13. Die Interessen der Antragstellerin werden nicht unverhältnismäßig beeinträchtigt. Das Angebot ist nur für Fernreisende, nicht für alle Fahrkartenkunden attraktiv. Das Angebot ist zeitlich befristet. Die Absatzchancen der Antragstellerin werden deshalb nicht vollständig blockiert. Letztlich kommt der Antragstellerin langfristig die Gewinnung von Neukunden, die sonst andere Verkehrsmittel bevorzugen, zugute.

14. Der geltend gemachte Unterlassungsanspruch lässt sich auch nicht auf eine Verletzung des Agenturvertrages zwischen den Parteien oder auf eine Verletzung des Rücksichtnahmegebots nach § 86 a HGB stützen. Nach dem Agenturvertrag ist es nicht ausgeschlossen, dass die Antragsgegnerin auch andere Vertriebswege für den Absatz von Fahrkarten nutzt. Dem Vertragsziel, Kunden zu gewinnen, läuft die streitgegenständliche Aktion aus den oben dargelegten Gründen nicht zuwider. Eine systematische Schädigung der Antragstellerin durch Preisunterbietung kann nicht angenommen werden. Hierfür sind keinerlei Anhaltspunkte ersichtlich. Gelegentliche Sonderaktionen über andere Vertriebskanäle stellen keine systematische Schädigung der Handelsvertreter dar.

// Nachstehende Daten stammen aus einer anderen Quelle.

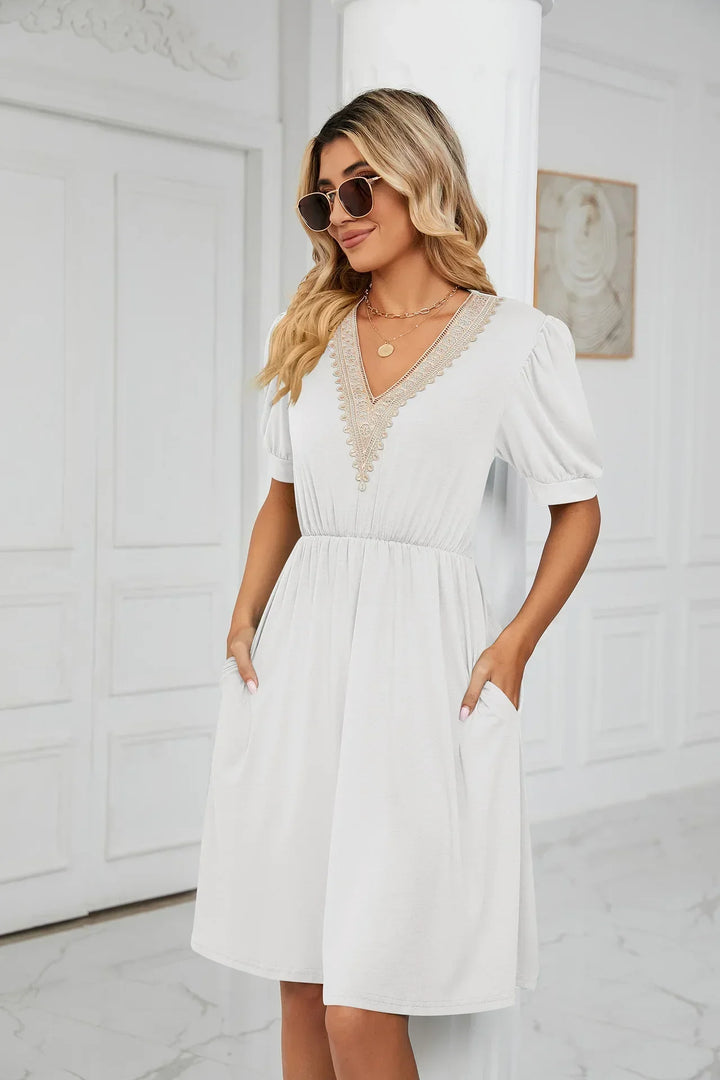 Levoire | Robe En Patchwork Simple Avec Des Pointes Pour Le Printemps/Été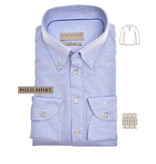 John Miller tricot pop up shirt l. blauw slimfit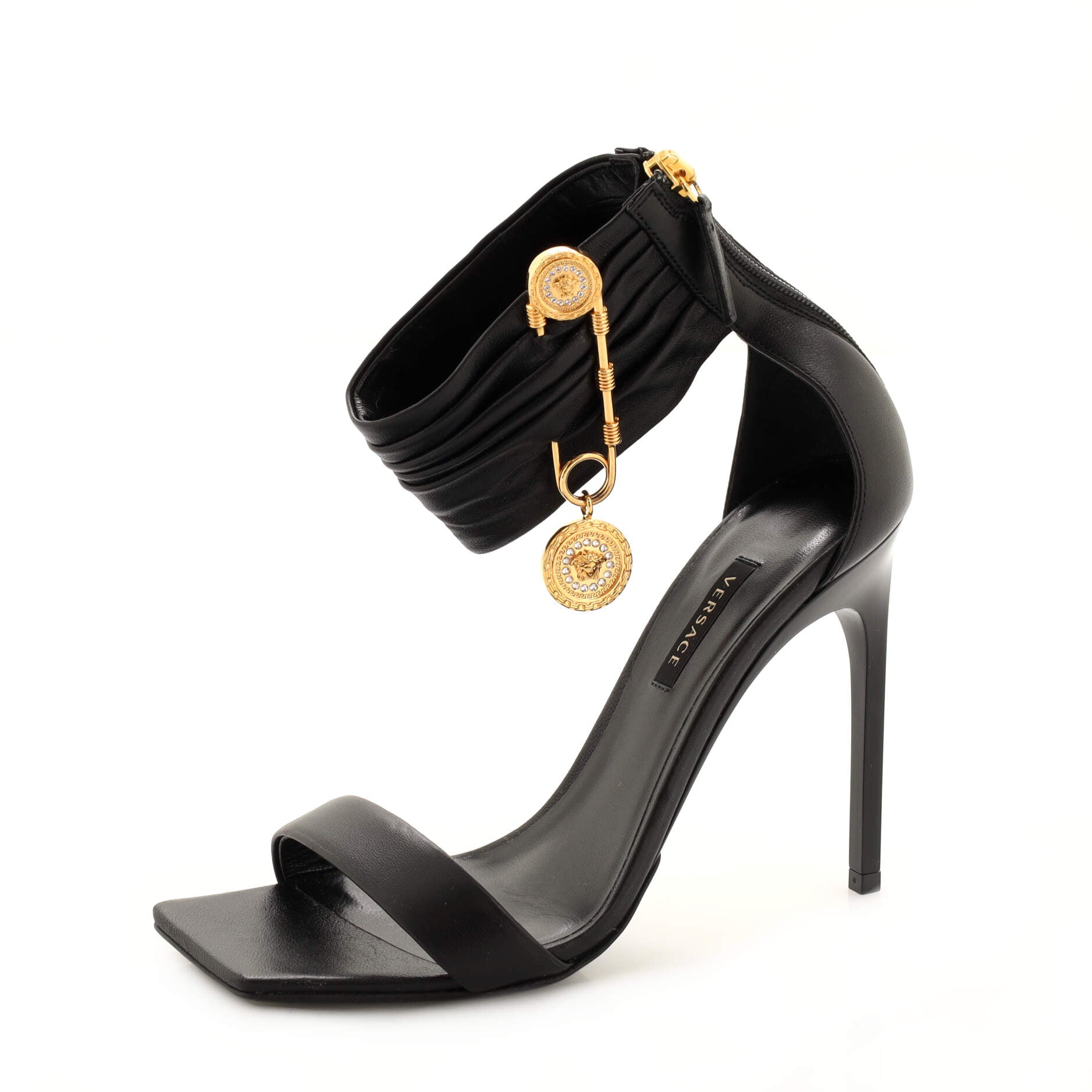 Women's Safety Pin Square Toe Ankle Strap Sandals Leather 110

Der Antragsgegnerin darf es nicht verwehrt sein, durch besondere Aktionen auf ihr Angebot aufmerksam zu machen und neue Kundenkreise zu erschließen.

15. Die Schutzschrift der Antragsgegnerin vom 12.05.2005 lag vor.

16. Die Kostenentscheidung beruht auf § 91 ZPO, die Streitwertfestsetzung richtet sich nach §§ 20 Abs. 1 GKG, 3 ZPO.